Peter Senge observed in his book that we often make fragments of a whole to understand all the fragments separately, so that we collectively understand the whole at the end. However, he argued by quoting physicist David Bohm that the task is futile— similar to trying to reassemble the fragments of a broken mirror to see a true reflection. Thus, after a while, we give up trying to see the whole altogether. This is where he felt the need for a Systems Thinking, where the whole organization is viewed as an entity of connected systems.
What is the value addition of “systems approach” to branding? Once you keep watching the impact of design, style, feature, production process, quality control, quality of human resources, financial strengths, R&D and innovation budget, and the process of strategic control, obviously the branding failure can be traced to any of the departments, if not to the brand professionals who are not looking beyond their own department. Marketers are the front-end soldiers, who need a huge backup from departments behind the scene. Any failure in systems thinking will raise the odds of front-end soldiers to fail.
Second, by the term “personal mastery”, Peter Senge referred to the level of individual proficiency in certain skills. In his words, “People with a high level of personal mastery are able to consistently realize the results that matter most deeply to them— in effect, they approach their life as an artist would approach a work of art.” This lifelong learning of individuals collectively reflects in the learning of the organization, because learning of an organization is nothing but the learning of all its members. The impact of sharing this learning, when comes to branding, refers to assigning the right person to the right place, while mentoring, growing, and sustaining next generation of managers who would be taking the charge of situation later. If this does not happen, any brand’s success will gradually be centered around “individual”, and not the “organization process”.
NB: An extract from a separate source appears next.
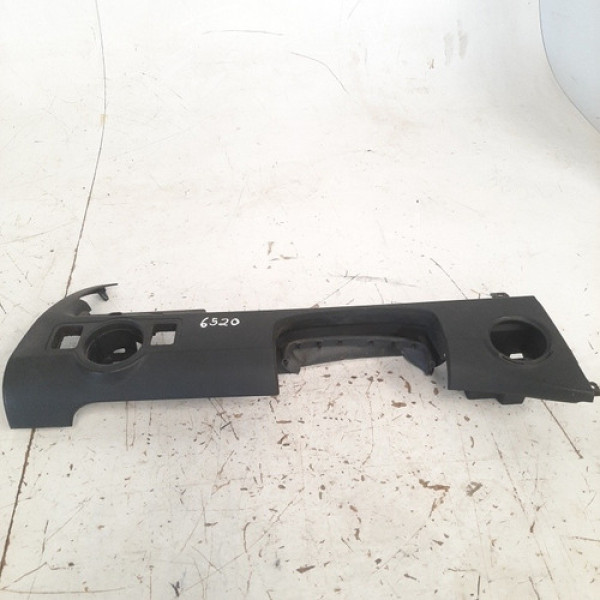 Painel Moldura Chave Ignição Chave Luz 2007 2009 Passat 6520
Third, “mental models” refer to how we presume, perceive, and act based on our pre-conceived view of the world around us. This is an already fixed set of variables that defines our ways, the set that we feel really comfortable to be in and stay without much intervention. When comes to branding, it refers to feeling “right” whatever we think to be right. Failing to challenge a pre-conceived set of variables will perhaps block the avenue of creative thinking, if not complete branding failure.
Fourth, by the term “Shared Vision”, Peter Senge referred to the idea of translating and connecting corporate goals in such a way to individuals and groups so that they feel themselves to be a part of it. It is, as if, the individuals and groups participated in the development of goals that turn out to be corporate goals as well. What happens when people get involved in goal setting is that, they start feeling themselves as an integral part of the goal, which results in additional commitment to achieve that goal, and not mere compliance. It necessarily strengthens the team effort when it comes to branding.
Finally, “team learning” refers to a stimulating process of learning among group members where they learn to suspend their individualistic learning and self-keeping attitude, and strive more towards free flowing of information within the group, allowing the members to find insights impossible to attain through individual thinking. Personal mastery will not be fruitful unless this team learning attitude can be put to place. This team learning not only enhances the capacity of brand management teams, but also increases the interchangeability and flexibility of any team member to be included in any other team that might need superior support.
Above all, Peter Senge went back to Systems thinking, and defined it as the fifth discipline, that connects the dots of all the interacting systems that ultimately leads to the gain of competitive advantage. Competitive advantage, itself being dynamic in nature, will belong to those who not only learn, but also learn faster than their competitors. Without these five elements of an organization, an organization can still learn, but not fast enough to outwit the competition.